O circuito mundial de surfe chega à sua fase havaiana, a derradeira do ano, e, embora o título já esteja definido a favor do local Andy Irons, existe muita expectativa em torno das três provas que serão disputadas no lado norte da ilha de Oahu.
Antes de mais nada, porque as ondas de Haleiwa, Sunset e Pipeline, pistas onde os melhores do mundo estarão acelerando nas próximas semanas, já garantem o espetáculo.
Depois, o Vans Triple Crown, a famosa tríplice coroa havaiana, um minicircuito de três provas dentro do Tour, carrega uma tradição que para muitos surfistas conquistá-lo é um feito comparável ao próprio título mundial. Para os havaianos, que não à toa são os maiores vencedores da coroa, isso é um fato inquestionável.
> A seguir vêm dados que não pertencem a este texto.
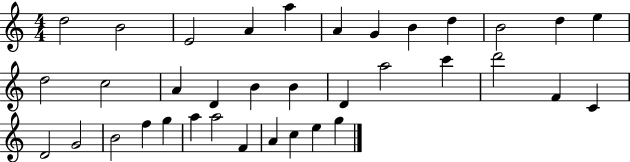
{
  \clef treble
  \numericTimeSignature
  \time 4/4
  \key c \major
  d''2 b'2 | e'2 a'4 a''4 | a'4 g'4 b'4 d''4 | b'2 d''4 e''4 | \break d''2 c''2 | a'4 d'4 b'4 b'4 | d'4 a''2 c'''4 | d'''2 f'4 c'4 | \break d'2 g'2 | b'2 f''4 g''4 | a''4 a''2 f'4 | a'4 c''4 e''4 g''4 | \break \bar "|."
}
E por último e na verdade o mais importante é que, à exceção do primeiro lugar do WCT, todas as outras posições dos dois rankings, WCT e WQS, estarão em jogo nessas três provas. O que quer dizer, do vice-campeão da temporada, passando pelos Top-16 ? que tem privilégio na formação das baterias nos campeonatos ?, até o 27º lugar ? que garante vaga na elite em 2005 ? no WCT; e todas as posições do WQS, do campeão ao 15º classificado, que se manterão ou subirão para a primeira divisão pelo ranking de acesso.
Para nós brasileiros, chegamos ao Havaí na pior posição dos últimos anos. Exceto por Peterson Rosa, top 10 no WCT, e Neco Padaratz, líder do WQS, com boas chances de conquistar o inédito bicampeonato seguido e ratificar a hegemonia brasileira no ranking de acesso, fazemos a nossa pior temporada dos últimos anos.
Desde a efetiva participação de brasileiros no Tour, a partir de 1989, o número de brasileiros na elite mundial foi crescendo até conseguirmos incluir 11 atletas entre os, então, top 44 do mundo, em 2001.
Foi nesse ano que os australianos, incomodados com o crescente número de brasileiros subindo pela divisão de acesso, forçaram a ASP a estabelecer que entre os oito resultados computados no ranking apenas três poderiam ser marcados em cada região/país. Curiosamente o número de provas na Austrália, enquanto no Brasil era no mínimo o dobro.
Estamos acusando o golpe. De lá para cá caímos para 10, nove, oito atletas por temporada, e, salvo um desempenho extraordinário e pouco provável no Havaí, esse número vai baixar para seis na próxima. Seria o menor desde 1993 quando só os pioneiros Teco Padaratz, Fabio Gouveia e o recém-promovido Peterson Rosa defenderam as cores nacionais. Não bastasse lutarmos contra as limitações na qualidade das ondas e na capacidade financeira da indústria, ainda somos colocados como a esquerda na política do esporte.
Apesar disso, já vencemos quase tudo, as categorias de base no ISA Surfing Games, competições de ondas grandes, dois títulos mundiais Pro Junior, Neco Padaratz pode trazer o sétimo troféu de campeão mundial para o Brasil em 13 edições do WQS, Jacqueline Silva e Tita Tavares já foram campeãs no WQS feminino, falta mesmo o título de WCT, que ainda vai chegar.
NOTAS
BRASILEIRO DE LONGBOARD
A decisão nos pranchões acontece a partir de amanhã em Salvador (BA) durante o Petrobras Classic. Com quatro provas disputadas, Picuruta Salazar lidera o ranking.
CORRIDA DE AVENTURA
A última etapa do Caloi Adventure Camp será disputada neste final de semana na Riviera, litoral norte de São Paulo. O tempo médio da prova é de seis horas.
ESCALADA ESPORTIVA
A final do campeonato brasileiro acontece neste domingo na Casa de Pedra de Perdizes, São Paulo. A prova será na modalidade Dificuldade e só para categoria Master, equivalente à profissional.